E eu acho bonito pensar nisso. Mas, ao mesmo tempo, existe uma coisa que me incomoda. Quanto mais a humanidade descobre, mais poder ela também acumula. E poder nunca fica simplesmente parado.
A ciência pode criar uma vacina e salvar milhares de pessoas. Pode criar uma tecnologia que aproxima quem está longe. Pode melhorar a vida de alguém que talvez nem tivesse esperança. Mas também pode criar armas, sistemas de vigilância, formas de controle e tecnologias que concentram ainda mais poder nas mãos de poucos.
Então comecei a pensar que talvez o problema não esteja na descoberta. Está em quem decide o que fazer com ela. É por isso que a frase
“A ciência se torna uma ferramenta neutra a serviço de quem está no comando” me provoca tanto.
Porque a ciência pode até ser neutra enquanto conhecimento. Mas, quando sai dos livros e dos laboratórios e entra no mundo, ela encontra interesses, dinheiro, governos, empresas, disputas e pessoas.
E aí já não existe tanta neutralidade assim.
Eu me pergunto: quem escolhe quais pesquisas serão financiadas? Quem decide quais tecnologias chegam até nós? Quem ganha quando uma nova descoberta aparece? E quem fica de fora? Talvez a gente tenha se acostumado demais a comemorar o progresso sem perguntar para onde ele está nos levando. Nós ficamos encantados com máquinas que fazem coisas incríveis, com descobertas que parecem pertencer ao futuro, com a velocidade com que tudo muda. Mas quase nunca paramos para perguntar: isso está tornando a vida de quem melhor? Essa pergunta, para mim, é mais importante do que simplesmente saber até onde a ciência consegue chegar. Porque chegar mais longe não significa, necessariamente, chegar a um lugar melhor.
A humanidade descobriu o fogo e aprendeu a cozinhar, se aquecer e sobreviver. Mas também descobriu que o fogo podia destruir. Descobriu a energia, mas também aprendeu a transformá-la em instrumento de guerra. Descobriu maneiras de conhecer o corpo e prolongar a vida, mas também descobriu maneiras cada vez mais sofisticadas de controlar pessoas.

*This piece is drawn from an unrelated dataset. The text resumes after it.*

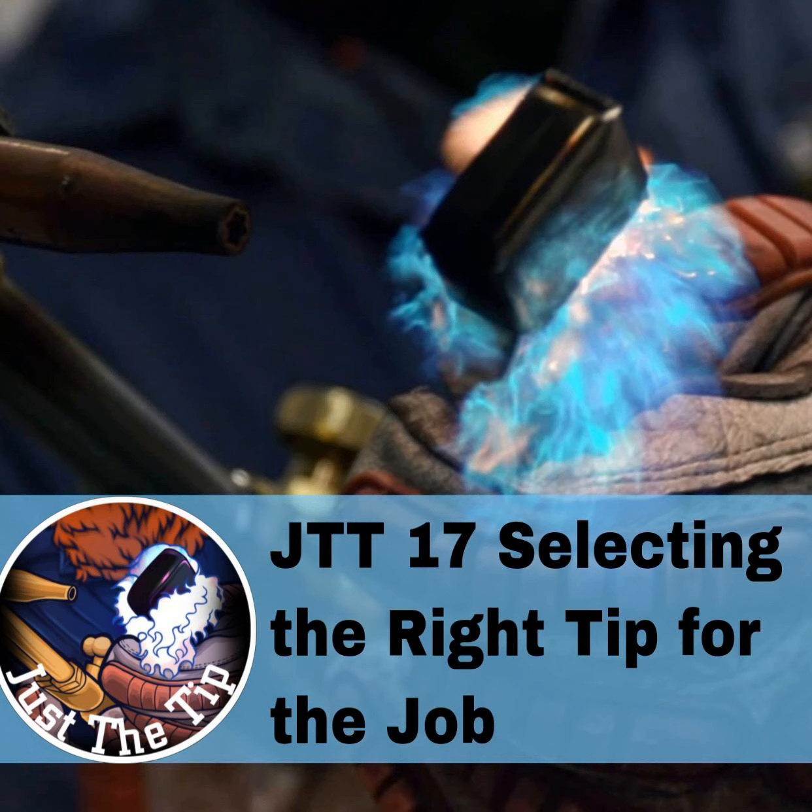Acetylene is probably the most commonly used gas in the majority of shops, but it's also the most volatile and requires specific use and handling. Acetylene actually has a porous lining on the inside that contains acetone, and that acetone helps keep the acetylene stable. Anytime we're running acetylene, we want to make sure that our pressure is less than 15 pounds per square inch. You can actually see it right there on the gauge — there's a red bar that starts right at 15, telling you don't run this any higher than 15 PSI, because if we do, that acetylene starts to become unstable.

Talvez esse seja o nosso maior paradoxo: somos capazes de criar coisas extraordinárias sem necessariamente sermos extraordinários nas escolhas que fazemos com elas.
E isso me faz pensar que talvez a ciência precise caminhar acompanhada de alguma coisa que não encontramos em um laboratório: consciência.
Porque descobrir é uma capacidade. Mas escolher é uma responsabilidade.
No fundo, penso eu não tenho medo da ciência.
Tenho medo de uma ciência sem perguntas.
De uma ciência que só pergunte “podemos fazer?” e nunca pergunte “devemos fazer?” Porque, quando o conhecimento se transforma em poder, alguém sempre estará segurando esse poder.
E é aí que tudo muda. Penso que a verdadeira questão não seja o quanto a humanidade ainda pode descobrir.
Talvez seja o que ela fará quando descobrir.
E, pensando nisso, eu chego a uma conclusão um pouco incômoda: a ciência pode nos dar ferramentas para transformar o mundo, mas são as nossas escolhas que revelam que tipo de mundo queremos construir.